Statistical analysis on ERPs confirmed significant early differences between conditions. A significant interaction effect of the factors Time, Storage, and Combination (F(1, 16) = 6.59, p = .02, ηp2 = 0.29; Figure 4A) showed a nonadditive influence of these factors in the 70–210 window. The Bonferroni test (corrected for 16 comparisons) confirmed that the response to the well-formed stimuli was significantly different (more negative-going) from the ones to the unstored (p = .018) and double violation (p = .006) conditions in the first half (70–140 msec) of the early time window. In contrast, the second half-window (140–210 msec) showed less negative-going ERPs to the double violation condition as compared with those to well-formed (p < .001), unstored (p = .008) and ill-combined (p = .02) strings (Figure 4A and B). Comparing condition-specific differences in ERP amplitudes between the first and second halves of the early window revealed a significant increase only for the single-violation conditions (unstored: p < .001; ill-combined: p = .004; see Figure 4A). From the same analysis emerged a significant interaction of Time and Laterality (F(1, 16) = 6.24, p = .023, ηp2 = 0.28). Repeating the same analysis without the Laterality factor and including the midline electrodes confirmed the interaction of Time, Storage, and Combination.
MMN responses obtained by subtracting ERPs to the standard stimuli from the critical deviant syllable ERPs confirmed the Time × Storage × Combination interaction, resulting in the same statistical results as the deviant ERP analysis (F(1, 16) = 6.59, p = .02, ηp2 = 0.29), because the same standard response had been subtracted from all four deviant conditions. Post hoc tests also confirmed the differences revealed by the deviant responses. Likewise, the interaction of the factors Time and Laterality was confirmed (F(1, 16) = 6.24, p = .023, ηp2 = 0.28), and a significant main effect of Time (F(1, 16) = 24.9, p < .001, ηp2 = 0.6) emerged because of larger MMNs in the second subwindow. Note that the Time × Storage × Combination and the Time × Laterality interactions were present in the deviant responses already; therefore, these interaction effects can be attributed to the deviant responses.
Late Time Window
The positive deflection elicited by the critical deviant syllables was followed by a negative ERP ranging from ca. 300 to 500 msec (Figure 3A), which corresponded to the second deflection of the RMS curve (Figure 2). In this time range typical for the N400, single violation conditions tended to show more “less positive-”/more negative-going ERPs/MMN. However, the ANOVA performed on the data from the late interval following the critical construction-final syllable did not confirm any between-condition differences.

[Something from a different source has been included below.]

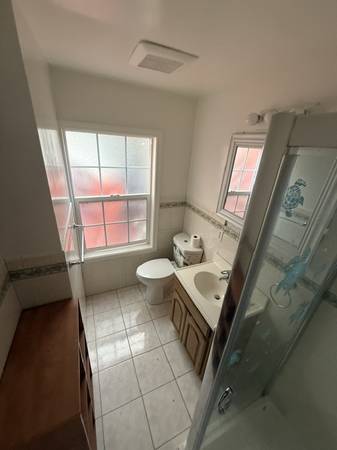 2BR/1BA Apartment · Daly City photo 5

In an orthogonal design balancing out any additive effects of the contexts and the critical disambiguating syllables, we found early MMN brain responses indexing processing differences between stored words versus “unstored” pseudowords, differences between grammatical phrases and strings violating combinatorial morphosyntactic agreement rules, and, crucially, an interaction effect of these storage- and combinatorially related properties. This interaction between Storage and Combination emerged between 70 and 210 msec after critical disambiguating syllable onset, where MMNs to well-formed phrases were larger than those to double violation strings, but unstored and asyntactic “single violation” conditions produced initially small MMNs, which significantly increased over time and paralleled those of well-formed phrases toward the end of the early time window. The differential dynamics across the four conditions were manifest in a significant interaction of the factors Storage, Combination, and Time. These results indicate that the brain computes combinatorially flexible parts of constructions and whole form-stored ones at similarly early latencies and within (one or more) interactive system(s). Phrased in more traditional terms, our results suggest that “lexical/symbol access” and “syntactic rule application” run in parallel, interacting with each other within the first ca. 200 msec after the onset of the disambiguating syllable. An anterior negativity dominating the time interval around 400 msec failed to reveal significant differences between conditions in the present “nonattend” task. The early interaction involving Storage and Combination factors may raise questions about psycholinguistic models claiming that modular syntax processing emerges first and interacts with other mechanisms only later. Below, we will explain and discuss the present results in context of previous research in the neurophysiology of language, also highlighting their potential implications for linguistic and brain theory.
Relationship to Preexisting Research
Our study employed a relatively new method for recording the MMN brain response, the so-called “optimal” or “multifeature” paradigm (Pakarinen et al., 2009; Näätänen et al., 2004). This paradigm is similar to a classic oddball experiment but allows investigation of brain responses to a range of deviant stimuli in one block, saving substantial time, especially if several different conditions (like our 16 different constructions) are in the focus. A number of previous language studies successfully used the multifeature paradigm to investigate early brain correlates of linguistic processes (Cappelle, Shtyrov, & Pulvermüller, 2010; Shtyrov, Kujala, & Pulvermüller, 2010; Garagnani, Shtyrov, & Pulvermüller, 2009). In the present setup, pronouns were used as standard stimuli alternating with deviant verb stimuli whose final and critical syllables simultaneously revealed information about the lexical status of the final word or pseudoword and its combinatorial syntactic agreement with the context pronoun. This information became manifest neurophysiologically in the first 210 msec after critical syllable onset.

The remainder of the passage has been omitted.